The first public railway in North Wales did not have a locomotive. It had horses - sometimes two, sometimes more - hauling slate wagons nine miles down a gentle gradient from the quarries near Nantlle to the harbour at Caernarfon. It opened on 12 July 1828, three years after the Stockton and Darlington and three years before the Liverpool and Manchester. For 28 years it carried only slate. Then, in 1856, somebody decided to add passengers, and the small wooden Booking Office near Caernarfon harbour - alongside what would become known as Carnarvon Castle station - started selling shillings-and-sixpence tickets to Nantlle.

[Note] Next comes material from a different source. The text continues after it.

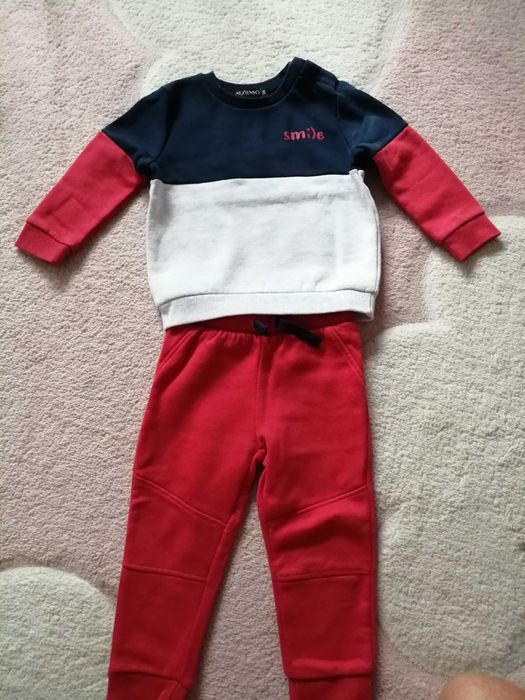 Ciepły dres 86/92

Carnarvon Castle was a railway terminus in name only. There was no platform. There was no station siding. Passengers boarded from and alighted onto the trackside, and the train - the 'usual open passenger truck and a closed or first class carriage drawn by two horses', as one 1861 newspaper account put it - simply stopped at an agreed spot near the Booking Office. The Booking Office itself was the line's only piece of dedicated passenger architecture along the entire nine-mile route. Three classes of travel were on offer. A return from Carnarvon Castle to Nantlle in 1857 cost one shilling in 3rd class, one shilling and sixpence in 2nd, and half a crown - two shillings and sixpence - in 1st. The journey took an hour and a half southbound, slightly less coming back, against the prevailing slope. The trains averaged six or seven miles per hour. A horseless person trying to walk to Nantlle would have struggled to keep up.

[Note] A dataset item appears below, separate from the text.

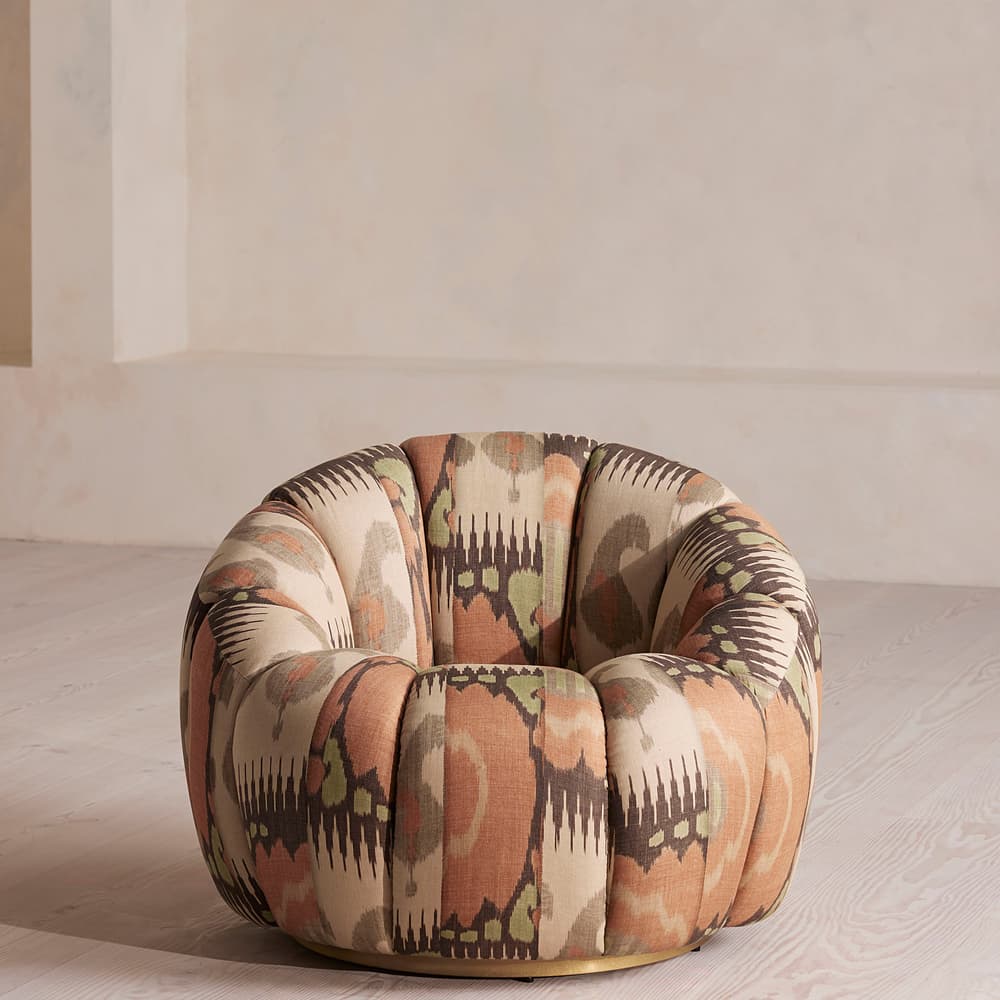 Garret Armchair - Floral Ikat - US - Listing - Image 3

Passenger revenue was a useful sideline - more than a quarter of total income in 1862 - but the Nantlle Railway always made its money from slate. Roof slates from the quarries near Nantlle came down to the quay in horse-drawn wagons, were loaded onto ships, and went out to roof Liverpool, Manchester, the Midlands and as far afield as Australia. Northbound goods were almost entirely slate, with copper ore a distant second. Southbound was almost entirely coal. The passenger service was an afterthought, run by a private contractor named Edward Preston under lease from the railway company. Sunday trains were never offered. The line stopped working its tariff round the Sabbath.

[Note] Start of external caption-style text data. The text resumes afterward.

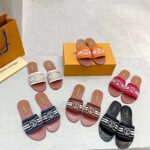 Louis Vuitton LV Women Lock It Flat Mule Blue Denim Leather LV Circle - immagine 10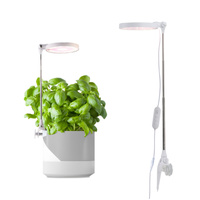 LED lampa na podporu rastu rastlín 10W 260lm 3000K, teplá biela 110° biela batéria Verdi Kobi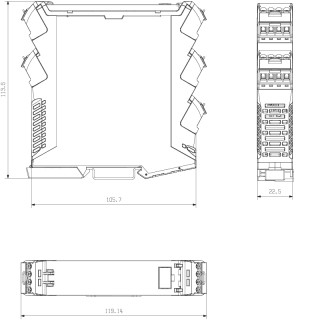 Измерительный мостовой прео ACT20P-UI-2RCO-DC-P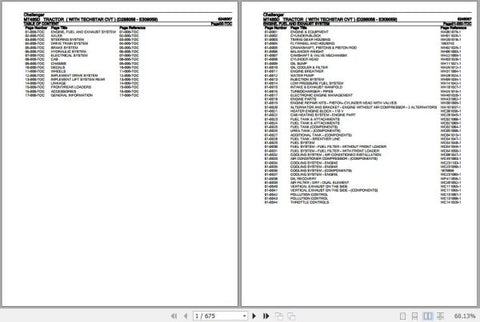 Enhance your maintenance and repair capabilities with the CHALLENGER TRACTOR MT485D SPARE PARTS CATALOGUE MANUAL (6246067) in PDF format. This comprehensive manual provides detailed diagrams and part numbers, ensuring you can easily identify and order the right components for your tractor. Perfect for both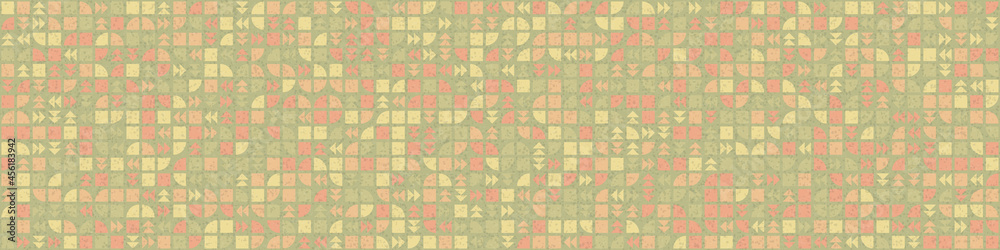 Obraz premium Abstract Geometric Pattern generative computational art illustration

By the 1860s the standard-gauge Carnarvonshire Railway was being built through the same valleys, and its northern section between Penygroes and Coed Helen - just south of Caernarfon - would obliterate the Nantlle Railway's tracks. The passenger service ended on 12 June 1865. Slate traffic limped on through a cumbersome transshipment arrangement at Tyddyn Bengam, where Nantlle wagons were pushed onto standard-gauge flatcars three at a time, hauled north, then pushed off and horse-drawn the final stretch to the quay. With complexity came delays, breakages, pilfering, and a quiet shift of cargo back to the road. The Nantlle's single-span stone bridge over the Afon Seiont was finally demolished in 1879-80. Most of the line in Caernarfon disappeared under standard-gauge infrastructure in the 1870s. At the southern end, remarkably, a length of horse-drawn three-foot Nantlle track survived until 1963 - British Railways' last horse-drawn remnant, in operation seventeen years after nationalisation.
There is almost nothing left of Carnarvon Castle station to see. The harbour area has been redeveloped repeatedly; the line's path through the lower town vanished into the standard-gauge layout in the 1870s and then into modern road works. The most northerly visible piece of the old Nantlle Railway is Coed Helen tunnel, a 22-yard cut beneath the hill just south of the river, with some embankment traces between the tunnel and the river. There are stone bridge abutments along the same stretch that may or may not be original. Several attempts to revive the route in the early twentieth century - by the Portmadoc, Beddgelert and South Snowdon Railway in 1904 and 1908, then by the Welsh Highland Railway promoters after the First World War - all died in parliamentary committees and unbuilt lines. The horse trains that once paused beside the harbour office to let passengers down onto the cobbles are now a footnote, but they ran the first regular timetable in north Wales, and they did it without burning a single ton of coal.
The former Carnarvon Castle station site lies at 53.14 degrees north, 4.28 degrees west on the quayside of Caernarfon harbour at the mouth of the Afon Seiont, immediately west of the castle. Nothing of the station itself remains visible. From the air, look for the harbour, the castle, and the line of Coed Helen across the river where the original railway tunnel still exists. Best viewed at 1,500-3,000 feet. Caernarfon Airport (EGCK) is four nautical miles south-west; RAF Valley (EGOV) lies 15 miles north-west across the Menai Strait.